Consumer associations expressed concern that patients were forced to change medications when the transitioning between treatment settings (e.g., inpatient to outpatient) because of formulary restrictions, or when transferring among payers. These associations were also concerned that the agents used in inpatient settings were chosen more for cost reasons than out of concern for appropriate care. Provider associations indicated that it was common to change a patient's medication when the patient is admitted to inpatient treatment, largely because the admission likely indicates that current therapy is not working. Respondents from the pharmaceutical industry indicated that coordination between inpatient and outpatient care was a problem in the past, but that this issue has resolved with increasing access to newer agents.
The choice of psychotherapeutic agent in an inpatient setting likely plays a role in the ultimate treatment choice for many, but certainly not all, patients with mental illnesses. Individual hospitals will have internal formularies that are not subject to the allowances or restrictions of health care payers. Therefore, it is quite possible that the agent used to stabilize a patient after a hospital admission will not be on the formulary of the patient's health care payer when discharged. Payers have differing ways of approaching these scenarios, although in most they did not perceive the issue to be much of a problem. This disconnect between perceptions of consumers and providers and those of payers suggests a need for more extensive follow-up research, public education, or payer training on these issues.
- Public Programs
State programs were unaware of any problems with continuity of care between treatment settings. This is likely because most State programs have open formularies (see next section). Likewise, State programs were unaware of any systematic differences between the pharmacy benefit coverage between Medicaid and State Mental Health programs, as these often work off the same formulary and route purchases through the same channels. In two States (AZ, MD) Medicaid has assigned authority for behavioral health services to a single state agency for mental health, leading to nearly seamless coordination between the two programs. State Mental Health programs more actively coordinate pharmaceuticals between inpatient and outpatient than do Medicaid programs.
Similarly, the DoD and VA reported no issues with continuity of care between inpatient and outpatient settings. In fact, the VA requires that outpatient clinics follow treatment protocols established for the patient during hospitalization.

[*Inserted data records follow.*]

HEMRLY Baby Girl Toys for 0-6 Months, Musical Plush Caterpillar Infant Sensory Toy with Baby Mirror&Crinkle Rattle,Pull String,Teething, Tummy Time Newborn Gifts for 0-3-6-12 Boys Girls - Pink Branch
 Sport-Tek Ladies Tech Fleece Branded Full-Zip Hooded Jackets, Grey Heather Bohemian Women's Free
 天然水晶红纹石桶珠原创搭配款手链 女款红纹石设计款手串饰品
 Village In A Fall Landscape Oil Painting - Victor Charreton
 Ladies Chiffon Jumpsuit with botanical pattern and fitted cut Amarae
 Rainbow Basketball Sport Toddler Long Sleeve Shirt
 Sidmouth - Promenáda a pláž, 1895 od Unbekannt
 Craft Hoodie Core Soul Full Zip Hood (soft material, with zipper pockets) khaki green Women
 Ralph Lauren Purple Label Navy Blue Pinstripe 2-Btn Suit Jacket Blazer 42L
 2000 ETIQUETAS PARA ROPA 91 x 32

In order to assure continuity, the VA requires that a VA physician be consulted prior to a patient's refilling a prescription in an outpatient clinic after release from an inpatient setting.
- Private Payers
Private payers uniformly report that coverage for psychotherapeutic agents is no different between inpatient or outpatient settings. One MCO specifically reported explicit allowances for patients to continue taking non-formulary drugs upon discharge from the hospital. However, hospital formularies may dictate the choice of drugs available to the patient in an inpatient setting, independent of the insurer's formulary. Hospital formularies are usually hospital-specific and health care payers do not generally have any direct say in their composition.
- Special Populations
The Indian Health Service reports no difference between its inpatient and outpatient formularies. Therefore, if patients are treated within IHS inpatient hospitals or day treatment facilities, they will have no coordination issues. However, inpatient psychiatric admissions are contracted to other facilities. In these cases, the IHS will attempt to switch patients from non-formulary drugs started in hospitals to agents of similar class when they transition to the outpatient setting.